I actually thought the rabbit was the vendor at first. Magic spell gone wrong or something. It would explain why no one had bothered to clean the massive cobwebs that had formed around the shop. But no, the rabbit isn’t the shop keep. It’s just a rabbit. That stares at me. And never blinks. I’m not shopping here anymore.
This is one I stumbled upon on my tedious waiting for Higher Learning. It’s essentially a FAQ (Frequently Asked Questions for those who are pondering the acronym and don’t often peruse for free game guides on the internet). My favorite is the one from the picture: if you having trouble casting, you may be dehydrated and need some water. Ha! Self referential humor is classic! Good show Blizzard, good show…

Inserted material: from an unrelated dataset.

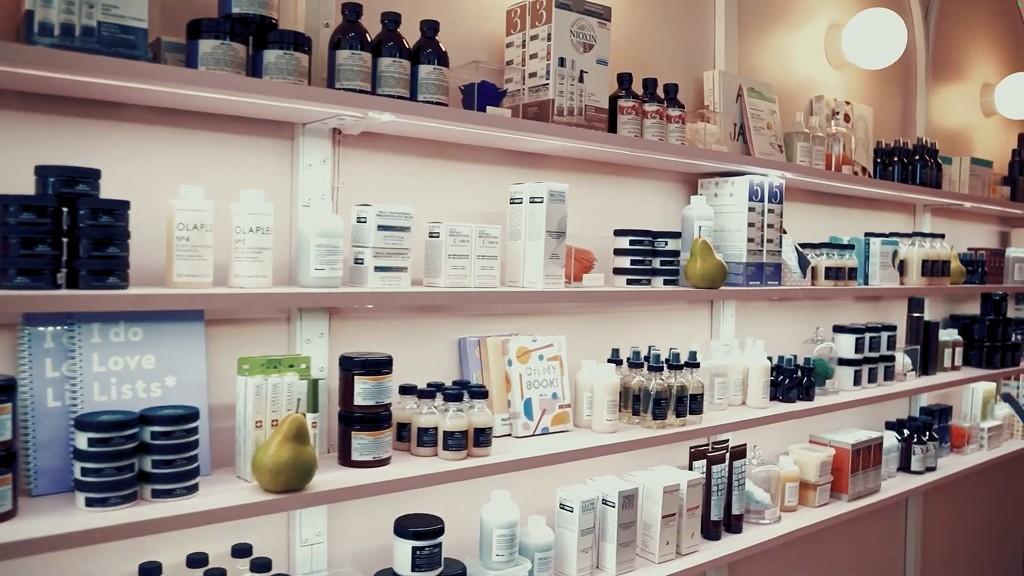 Efficient supply chain management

But this also raises some questions. Why the heck is this book in Dalaran? The MAGE city. Every single citizen of this town is a wizard in some respect, why the heck have a Wizarding for Dummies book sitting around in a city of people who don’t need it? Wouldn’t this be better in places like Stormwind’s library, or the Undercity? Or shall we toss some Cataclysm speculation in and have it turn up in Darnassus!

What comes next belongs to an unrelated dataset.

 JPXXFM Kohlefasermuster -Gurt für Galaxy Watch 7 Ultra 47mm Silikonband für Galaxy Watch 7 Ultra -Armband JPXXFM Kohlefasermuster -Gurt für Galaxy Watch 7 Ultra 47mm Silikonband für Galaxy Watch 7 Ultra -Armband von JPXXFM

Oh I weep for the unfortunate Night Elf to get caught with a copy of Mages 101 under his mattress. Blushing in shame as they mumble and try to explain to his or her parents about they sometimes they just get these urges to cast an arcane missile, and how all their friends are trying it. Maybe they’ll try and turn the tables and say that when their parents were younger (a few thousand years ago) they were doing it too. Then the parents will go on the defensive, saying how young and naive they were… and how it almost destroyed their entire world. I’d pay to watch that conversation.
The point is, while the humor is fun, I don’t get why a city known for their wizardry would need such a basic book. Does Dalaran have some kind of remedial wizarding classes? I figured that’s the class that Windle Sparkshine is in. How low do you have to sink to be put on candle lighter duty? He’s got to have some bad grades to land that job. My impression was that Dalaran was the city where the magic university was, not the magic grade school. Which honestly is more along the lines of the trainers in Kharanos or Goldshire would be. This book doesn’t belong in Dalaran. At all. Ever.

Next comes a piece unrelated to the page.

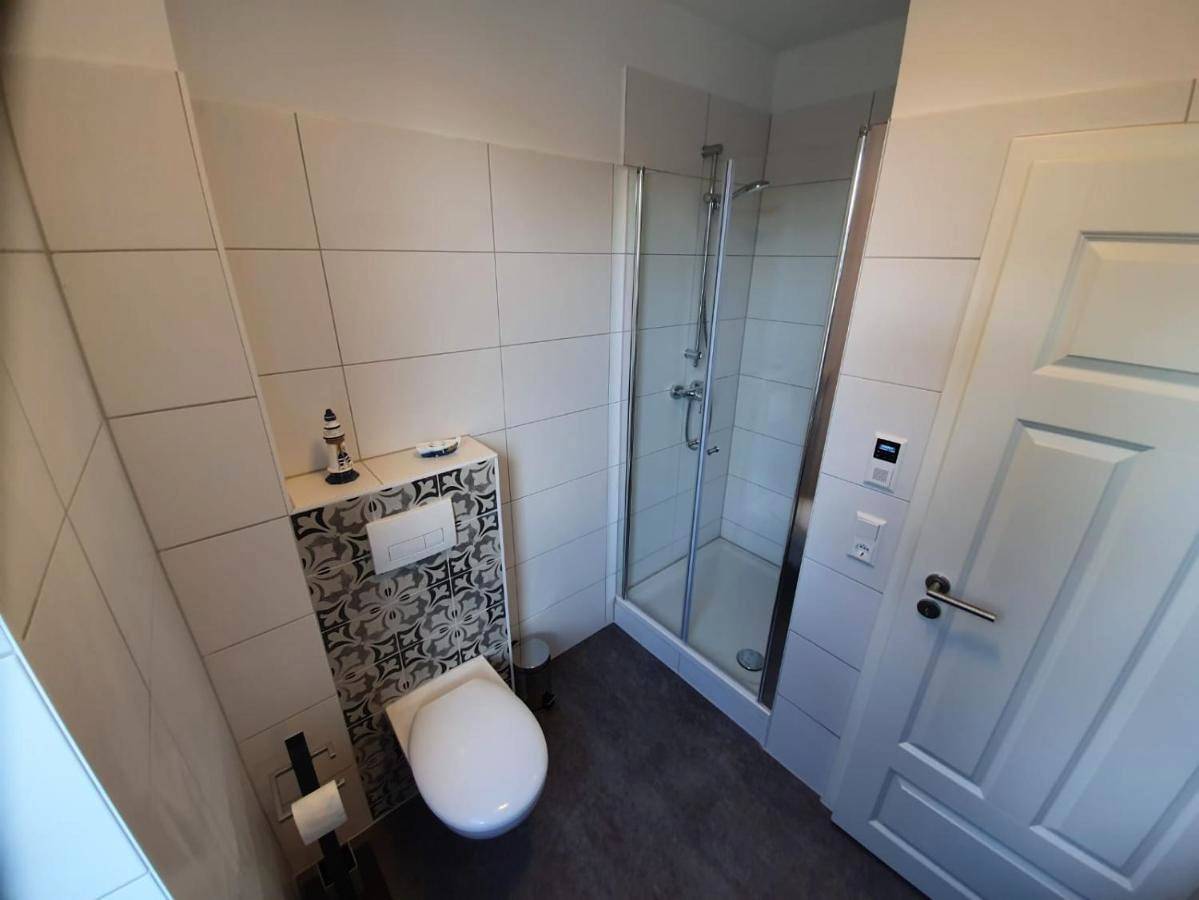 Ganze Wohnung, Ferienwohnung Muldental in Grimma, Leipzig und Umgebung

Oddly, it spawns in place of a book required to get the Mastery book sometimes. So this actually might be a subtle hint that you’re not ready for “master” level wizardry yet. It’s like when you leave the Christmas Sears catalog – toys circled – in your parents room to entice them to take notice of what you want from them. What? I can’t be the only one who did that. Seriously? Whatever. Anyway, this book is spawning to tell you that you are a dumb mage that needs more schooling. Are you gonna take that from some snooty wizards?
I would tell them to meet you down in the Underbelly for a magic duel to settle this. And when they’re distracted with casting some of their fancy better-than-you magic… SWEEP THE LEG!*
*Oddcraft does not support despicable acts that make Mr. Miyagi sad. We do however support the utter beat down of mages. Because vending machines should not talk back.**
**Despite being the only writer on this site, the views expressed on this site are not those shared by Vrykerion. He likes mages. Port to Dal plz?